In this lecture, we will show how to use Pandas to analyze this data. Let's focus on the following question: *how much does each department spend on personnel?*


To get started, we must first import pandas

In [1]:
import pandas as pd

## Loading

We can download this data as a file.

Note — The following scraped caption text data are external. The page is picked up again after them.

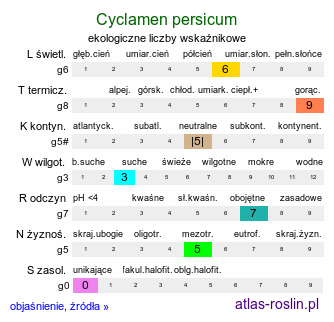 ekologiczne liczby wskaźnikowe Cyclamen persicum (cyklamen perski)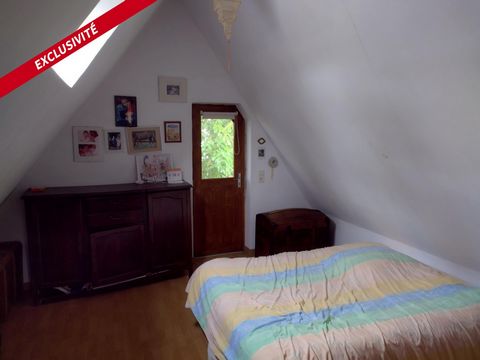photo no. 6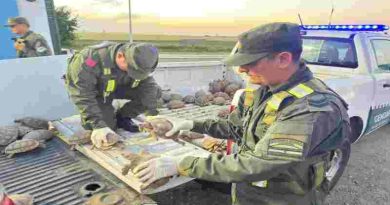 Santa Fe: Trasladaban 166 tortugas dentro de bolsas arpilleras en un cargamento de cebollas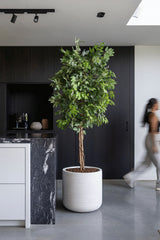 Jumbo Charlie Ivory Washed - Finestgreen || Frost- & UV-beständig | Robuster Ficonstone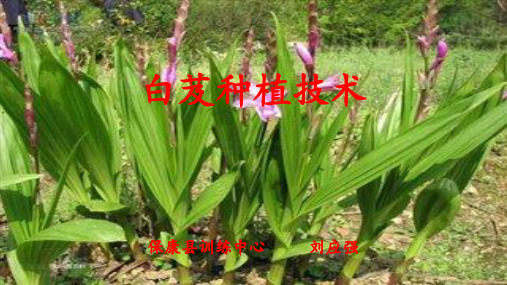 白芨种植技术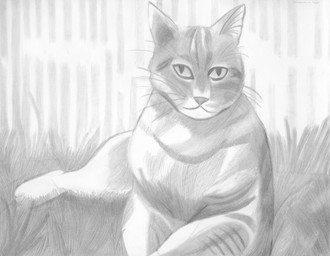 :3 ambiguous_gender feral fur grass grey_body grey_fur markings outside plant simple_background sitting solo striped_body striped_fur striped_markings stripes whiskers white_body white_fur lunarpanda8686 domestic_cat felid feline felis mammal graphite_(artwork) hatching_(art) hi_res monochrome shaded traditional_media_(artwork)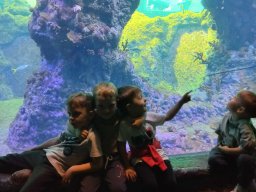 2025-05-20 Biedronki w ZOO
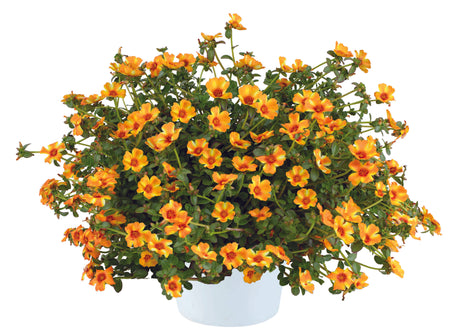 Potted plant with orange flowers on a white background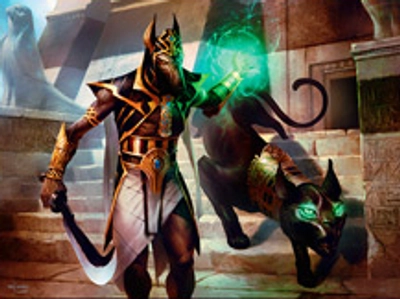 jackal-wizard
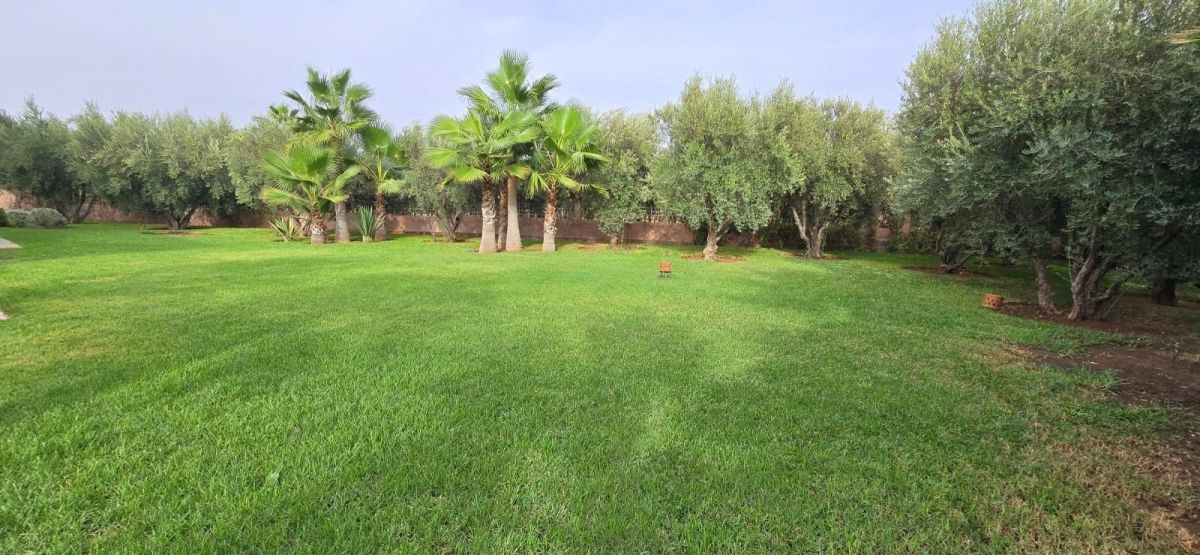 PHOTO-2026-01-09-21-49-37-3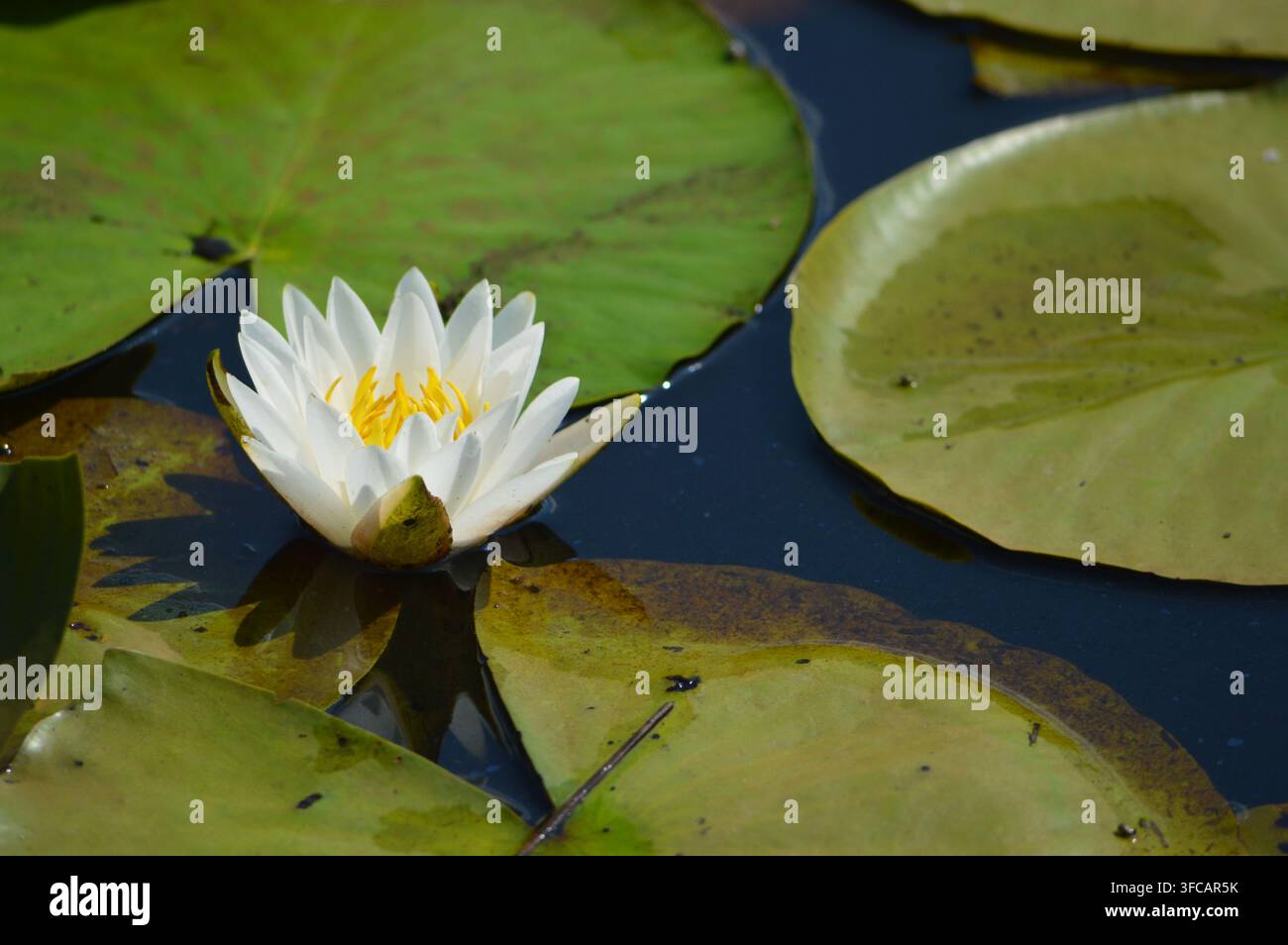 Fauna e Flora della Florida Giglio bianco d'acqua Foto Stock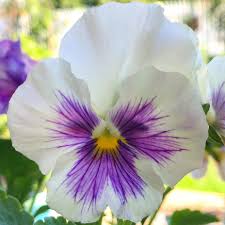 White Blue Wittrockiana Flower Seeds for Planting – Heirloom, Non-GMO, High Germination Organic Garden Seeds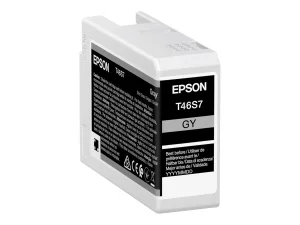EPSON 5LB Singlepack Gray T46S7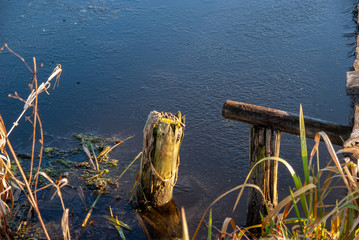 Rzeka Narew w okolicy Suraża, Narwiański Park Narodowy, Dolina Narwi, Suraż, Podlasie, Polska © podlaski49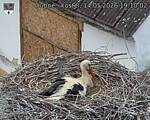 Capi_Dubne_20260514_191002.jpg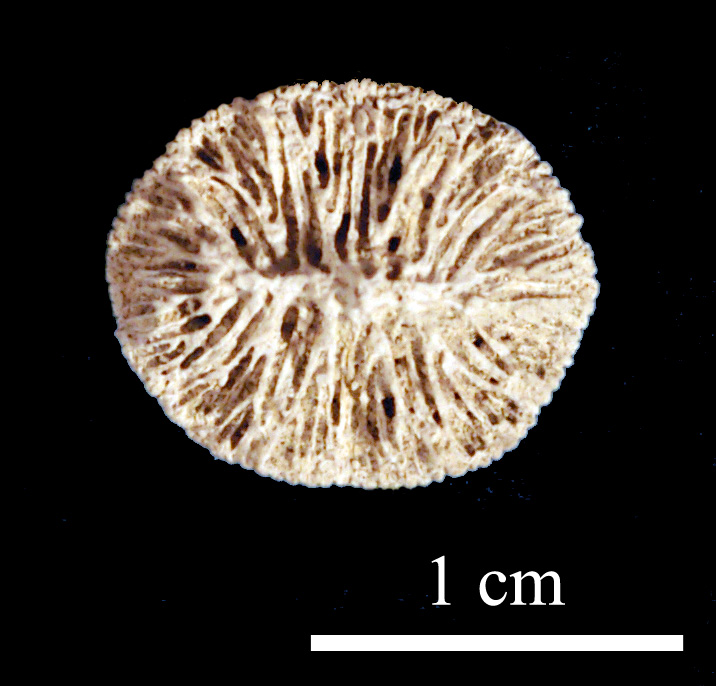 homalophyllum-1 (UL-C 0061)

Let's print out the first few rows of this file.

In [2]:
f = open('employee.csv', 'r') #raw reading

for line in f.readlines()[:3]: #prints out the first 3 lines
    print(line)

Name,Job Titles,Department,Full or Part-Time,Salary or Hourly,Typical Hours,Annual Salary,Hourly Rate

"AARON,  JEFFERY M",SERGEANT,POLICE,F,Salary,,111444.00,

"AARON,  KARINA",POLICE OFFICER (ASSIGNED AS DETECTIVE),POLICE,F,Salary,,94122.00,



Such a file format is called a "Comma Seperated Values" file and is common with public datasets. Each row in the dataset is a single line of the file, and columns are seperated by commas. Missing or irrelevant values are represented by empty columns. When a comma needs to be used inside a value (like the names in the example above), the entire field is encapsulated in double quotations. 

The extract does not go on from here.